Despite this, the lawyers with the Committee Against Torture continued their work on the case at national level, too. In December 2017, investigator Dmitry Gryazev at last satisfied human rights defenders’ motion and performed face-to-face confrontations between the victim and the operational personnel whom Mr Prytkov accuses of torture.

In the course of this investigative activity the police officers provided contradictory and inconsistent evidence. They failed to explain how the blood came about in their office, the blood which, according to expert examination, may belong to Mr Prytkov. This blood falls into rare fourth category with negative Rh factor, same as Prytkov’s blood.

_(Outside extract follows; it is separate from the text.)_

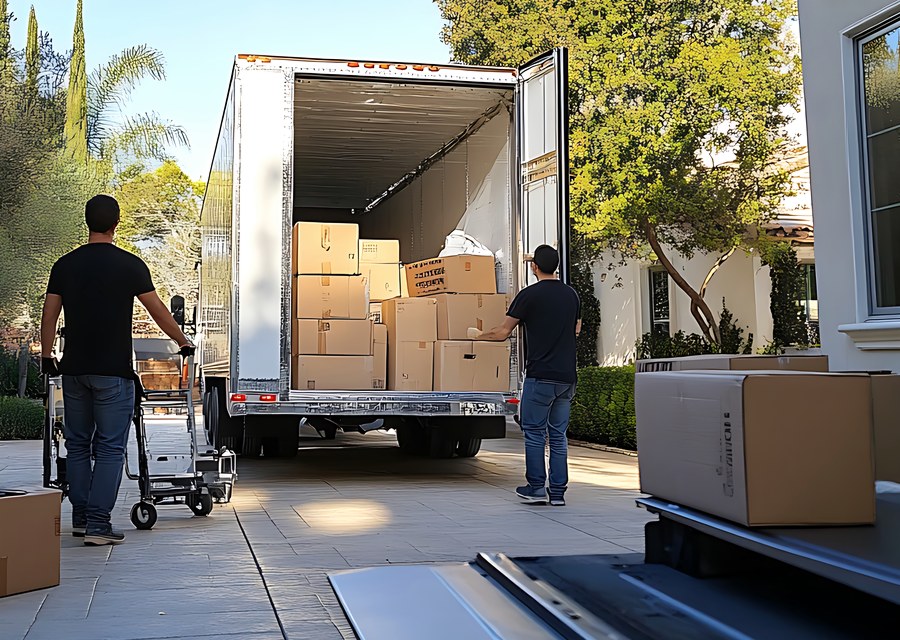 Packed moving truck ready for cross-country transport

In addition, the police officers also failed to explain why they took Vladimir Prytkov to the police department and which legal grounds they had for that, as well as why the young man who used to be in perfect health when he was delivered to the police department, developed numerous bodily injuries after communication with them.

However, investigator Dmitry Gryazev was satisfied with explanations of the police officers and in January 2018 passed another dismissal of the criminal case, which was quashed later. After that the investigator issued similar rulings several times, and they subsequently were declared illegal.

In total, starting from May 2010, the investigators issued eleven illegal rulings refusing to initiate criminal proceedings and nine illegal rulings on dismissal of the criminal case. In addition, in the course of the investigation the investigators managed to lose the samples of blood taken from the office of the investigative officers, where, according to Prytkov, he was tortured. At the present time, another ruling dismissing this criminal case is issued; its legality is being checked by the Prosecutor’s Office.

Due to the red tape and inefficient investigation of this criminal case, lawyers with the Committee Against Torture submitted a lawsuit against the Investigative Committee on behalf of Vladimir Prytkov regarding the compensation for moral damage.

Yesterday, judge of the Leninsky District Court of Orenburg Aleksandr Nuzhdin partially satisfied the claims under the lawsuit, having awarded Prytkov with fifty thousand rubles out of the claimed four hundred thousand.

“On the one hand, we are glad that the court acknowledged the fact of the red tape and ineffectiveness of the investigation and partially satisfied our claims under the lawsuit. On the other hand, in the similar situations the European Court of Human Rights awards a far higher compensation, that is why we intend to appeal to the Orenburg Regional Court against the ruling of the court of the first instance in the part of the amount of the awarded compensation”, – lawyer with the Committee Against Torture Albina Mudarisova, representing Vladimir Prytkov’s interests in court, commented.
 
As we have previously reported, in September of last year, the European Court of Human Rights communicated a complaint submitted by lawyers with the Committee Against Torture on behalf of Vladimir Prytkov: the Strasbourg judges posed some questions to the Russian Federation, regarding whether the applicant was subjected to torture, and whether the investigation of his complaint of police battery was effectively investigated.